▶ _EXERCISE AIM_
All the records that follow need to be reproduced exactly. Omit the images.

▶ _EXTRACTED DATA_

※ ※ ※

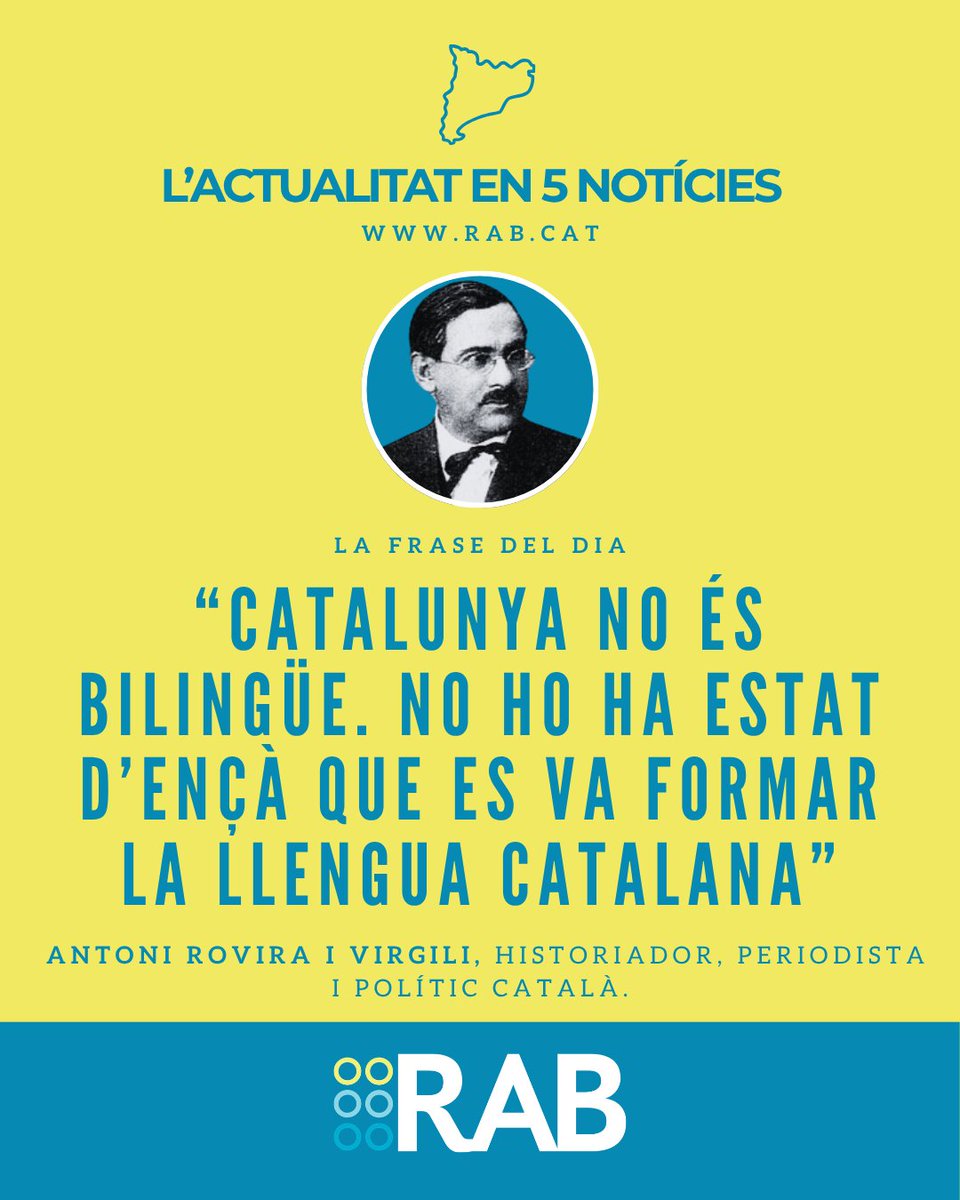 RABradioBCN's tweet photo. 🗞️ L'Actualitat en 5 Notícies | 10/06

🔶 El papa denuncia la violència masclista
🔶 Barcelona i Shanghai “ports germans”
🔶 Disney+ amplia el catàleg en català
🔶 25.000 M€ en energies renovables al Mediterrani.
🔶 L’Iran ataca bases dels EUA

📲 https://t.co/NMwVl3kFTU

#RAB https://t.co/UyQXSTnoqm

※ ※ ※

▶ _EXERCISE RESPONSE_
 RABradioBCN's tweet photo. 🗞️ L'Actualitat en 5 Notícies | 10/06

🔶 El papa denuncia la violència masclista
🔶 Barcelona i Shanghai “ports germans”
🔶 Disney+ amplia el catàleg en català
🔶 25.000 M€ en energies renovables al Mediterrani.
🔶 L’Iran ataca bases dels EUA

📲 https://t.co/NMwVl3kFTU

#RAB https://t.co/UyQXSTnoqm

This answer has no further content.